### WHAT THE EXERCISE ASKS
Although the data below contains pictures, output only the lines between those holding "Drumohr halterneck knitted" and "Die Welle - Tea", inclusive, exactly and without those pictures.

### MATERIAL SHOWN
[Start of Attachment]
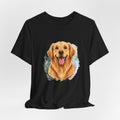 Golden Retriever Portrait T-Shirt — Happy Dog Tee for Pet Lovers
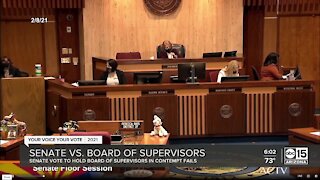 Senate vote to hold Board of Supervisors in contempt fails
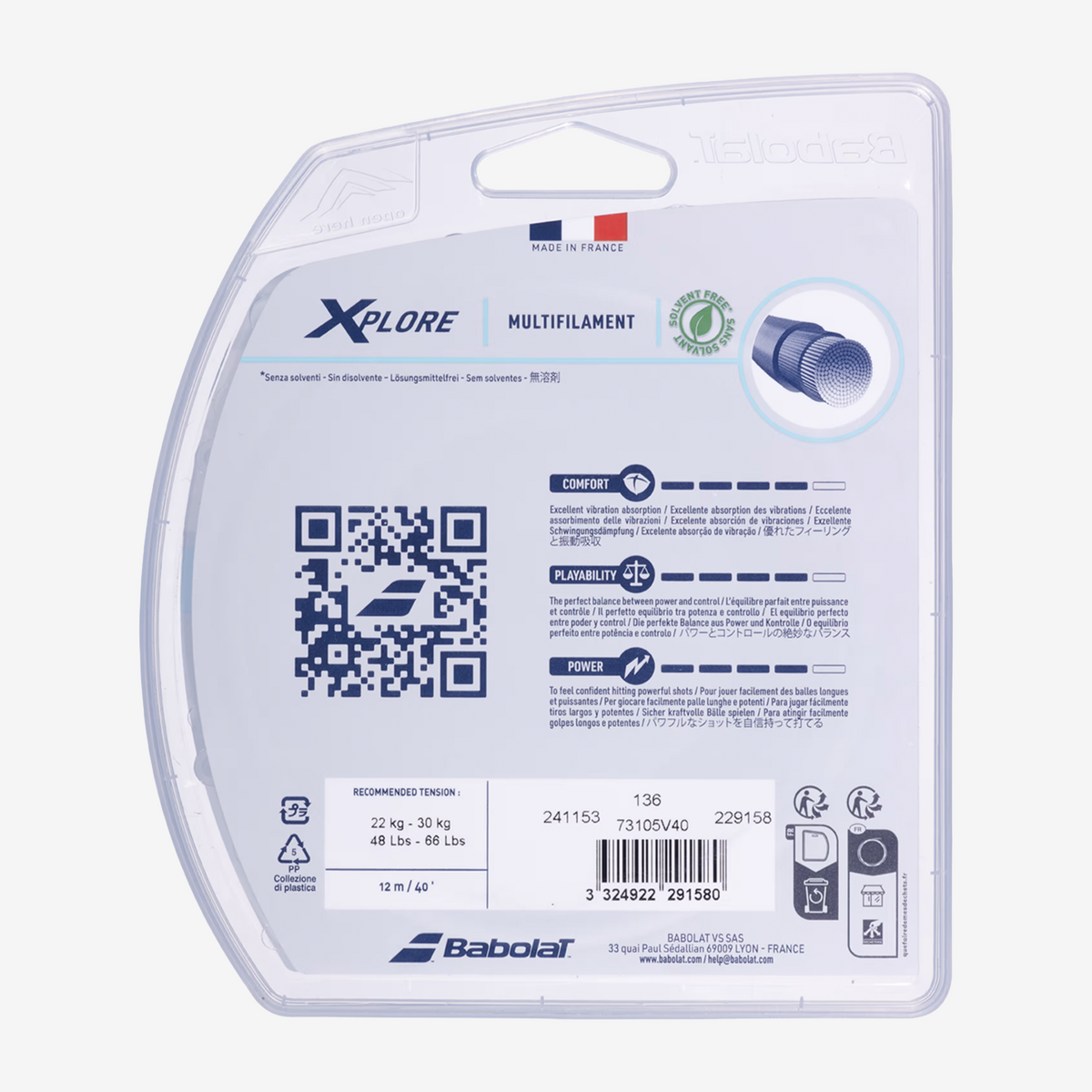 Babolat Xplore 12m Set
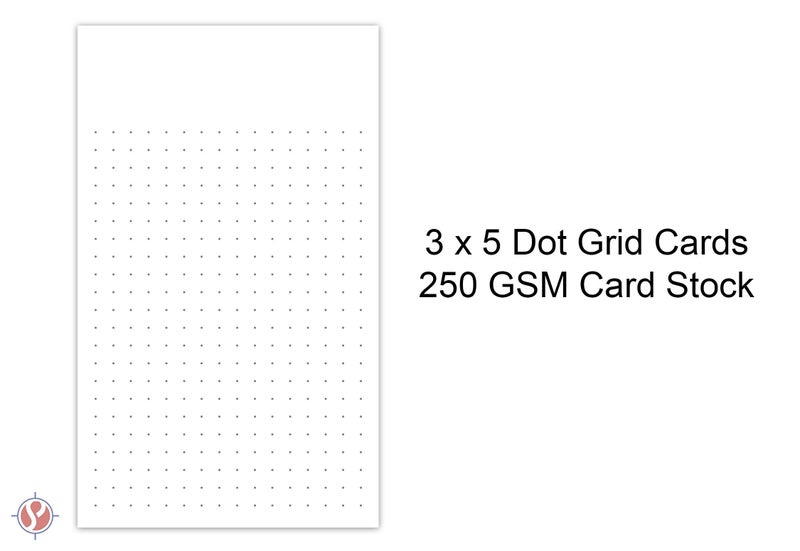 S Superfine Printing White Dot Grid Vertical Index Cards, 3â€ X 5â€ Inches | 300 Sheets Per Pack - Image 5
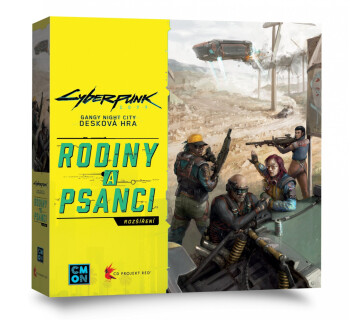 Cyberpunk 2077: Gangy Night City (Desková hra) - rozšíření Rodiny a psanci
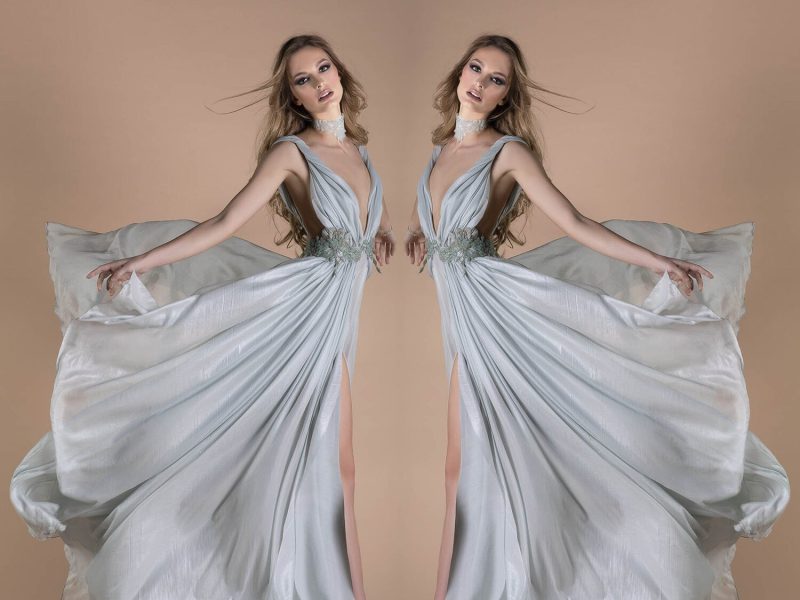zac posen silver dress ZAC POSEN silver metallic thread woven dress with cutout back size 6 WORN ONCE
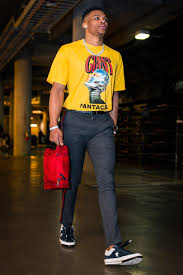 If you follow the nba even a little bit, you know that russell westbrook's style off the court is just as bold as he is on the court. The Russell Westbrook Look Book Gq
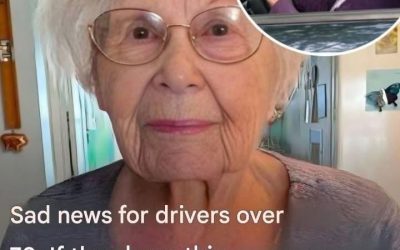 Seniors: Sad news for drivers over 70… Show more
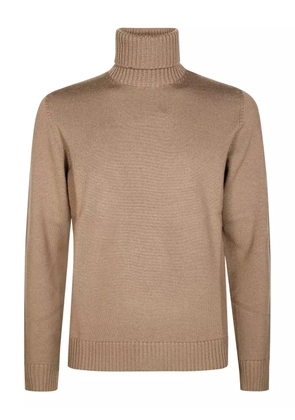 Drumohr halterneck knitted sweater - Neutrals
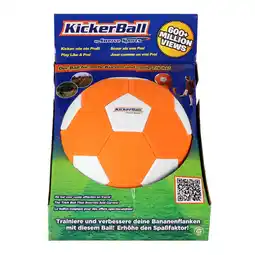 Top1Toys Kickerball Voetbal oranje maat 4 aanbieding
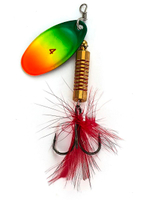 Блесна вращающаяся Lucky John SPIN X ROUND 01 3,5г FT (5шт. в упк.)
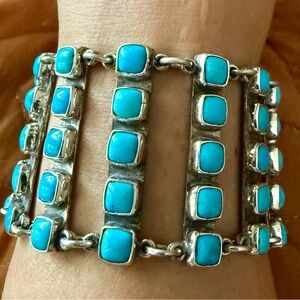 Federico Jimenez Turquoise and Silver Bracelet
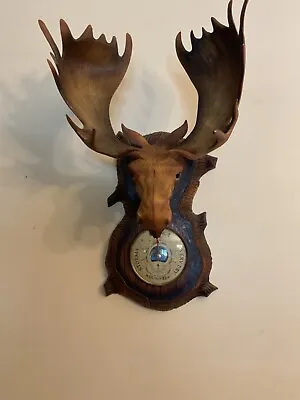 VTG Plastic Moose Head Mount Barometer By Precision • $75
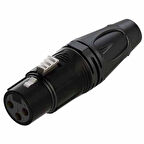 RX-J513 XLR Dişi Jak - Altın Pinli - Roxtone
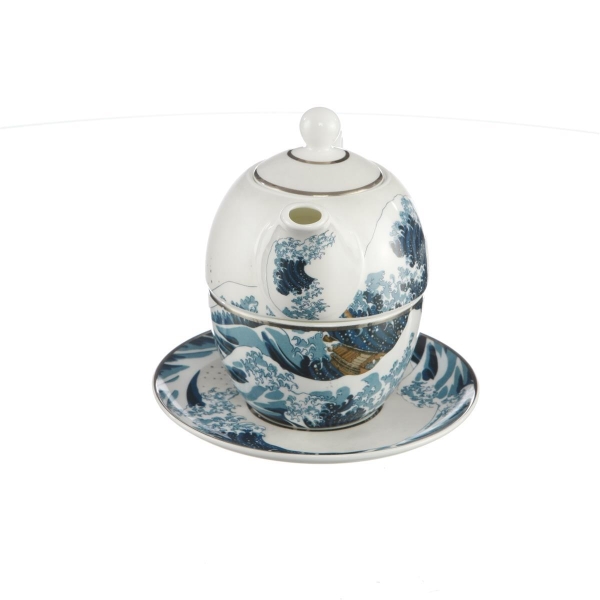 Die Welle - Tea For One Bunt Katsushika Hokusai Goebel 67013531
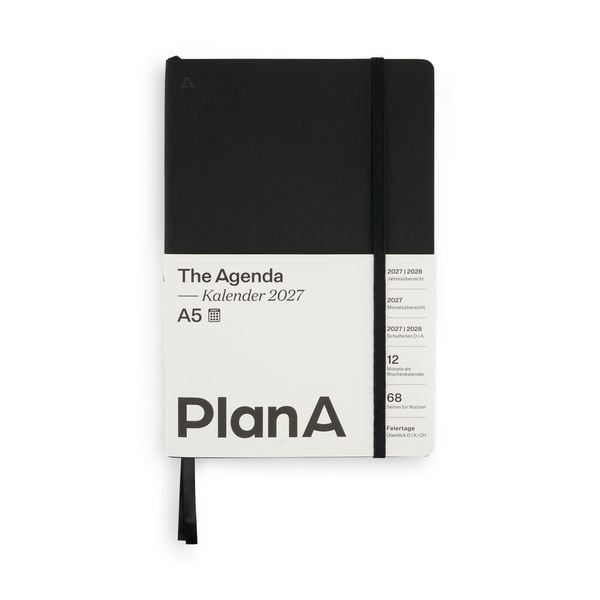 Produktbild: PlanA Kalender A5 Softcover Midnight Black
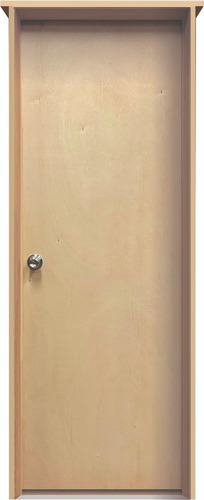 Puerta Interior Marco 10cm En Madera Dura 75x205 Der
[End of Attachment]
### ANSWER FOR THE TASK
 Drumohr halterneck knitted sweater - Neutrals
 Top1Toys Kickerball Voetbal oranje maat 4 aanbieding
 Блесна вращающаяся Lucky John SPIN X ROUND 01 3,5г FT (5шт. в упк.)
 Federico Jimenez Turquoise and Silver Bracelet
 VTG Plastic Moose Head Mount Barometer By Precision • $75
 RX-J513 XLR Dişi Jak - Altın Pinli - Roxtone
 Die Welle - Tea For One Bunt Katsushika Hokusai Goebel 67013531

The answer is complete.